[[ SUPPLIED INFORMATION, beginning ]]
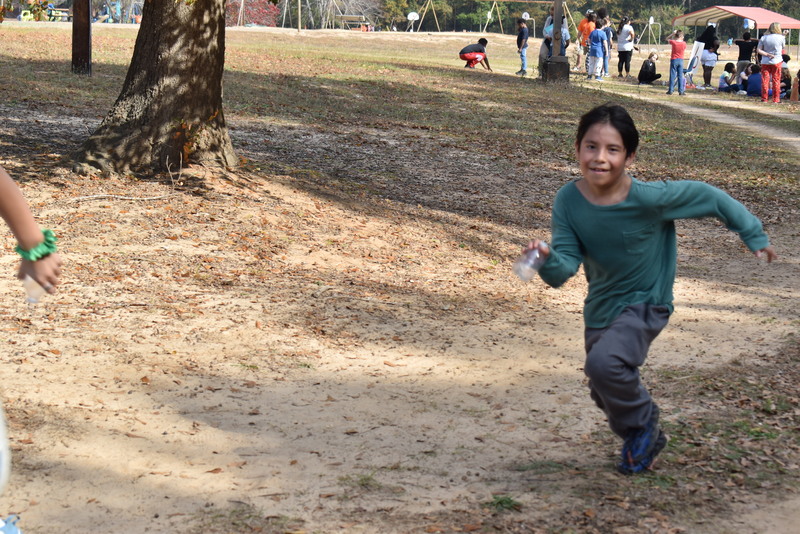 Students running and walking at the Turkey Trot.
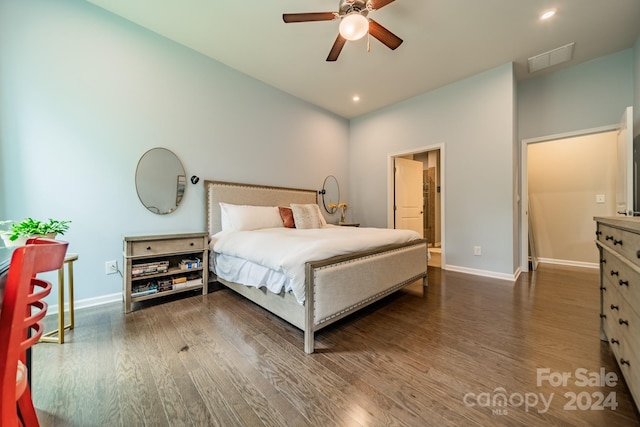 bedroom with ceiling fan and dark wood-type flooring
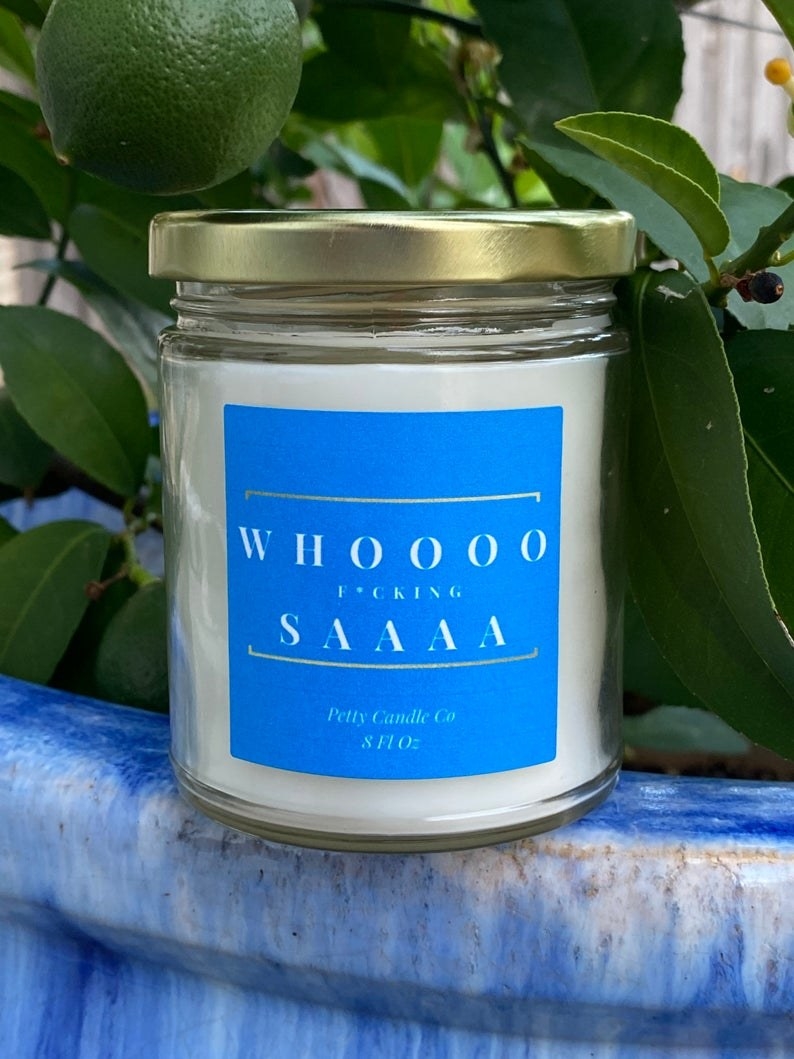 A candle with a label that says whooo fucking saaaa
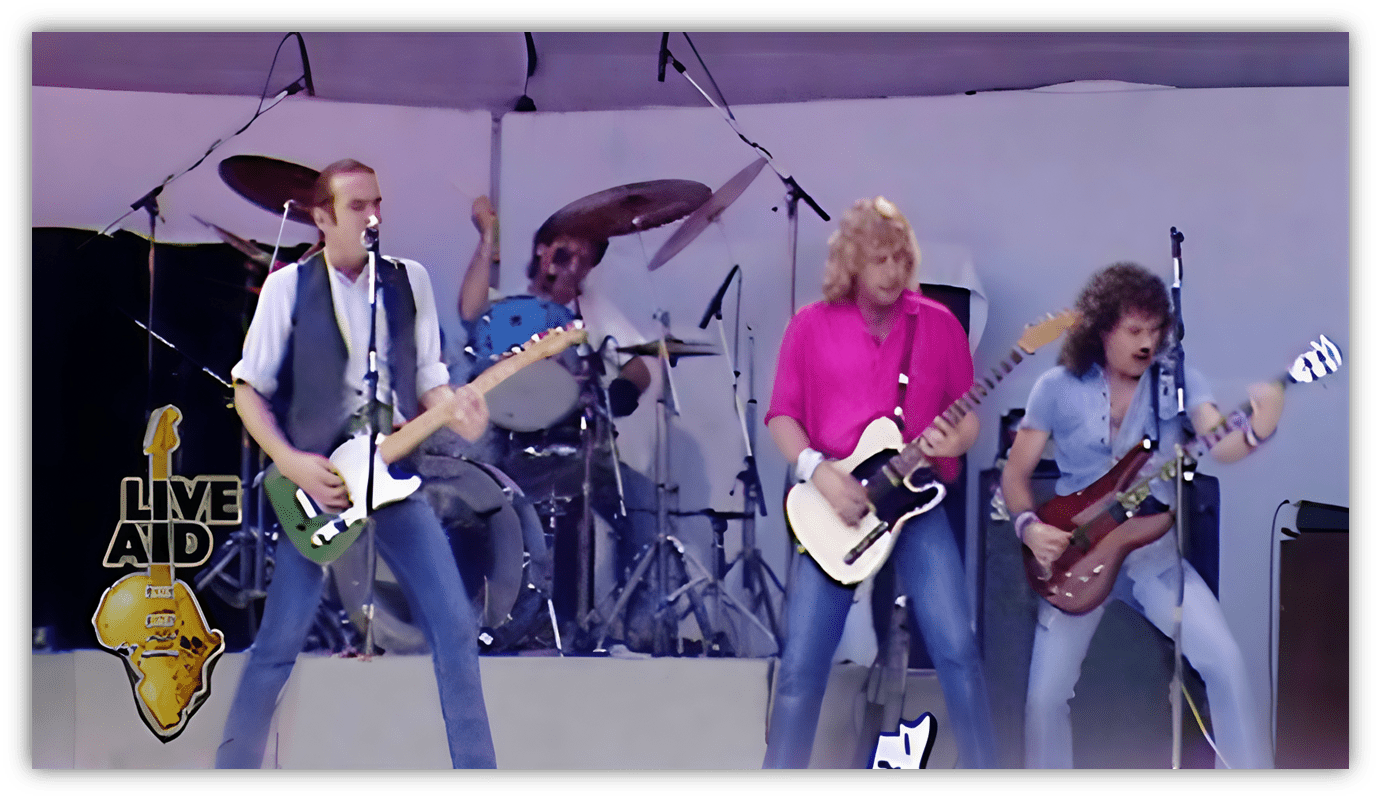 "Live Aid performance featuring a rock band on stage with guitars and drums."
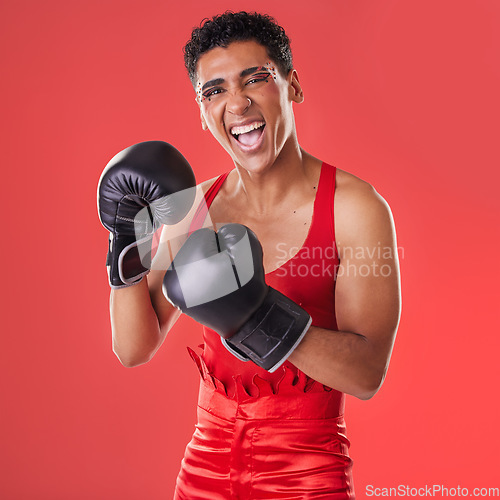 Image of Boxing, gloves and portrait of a gay man excited for a fight isolated on a red background in studio. Fitness, happy and lgbt person ready for a fighting competition, game and sport on a backdrop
[[ SUPPLIED INFORMATION, end ]]
◆ DESCRIPTION OF THE TASK
Repeat verbatim the lines between the start of the data and the line containing "Aid performance featuring", both ends included, omitting all pictures.

◆ EXERCISE OUTPUT
 Students running and walking at the Turkey Trot.
 bedroom with ceiling fan and dark wood-type flooring
 A candle with a label that says whooo fucking saaaa
 "Live Aid performance featuring a rock band on stage with guitars and drums."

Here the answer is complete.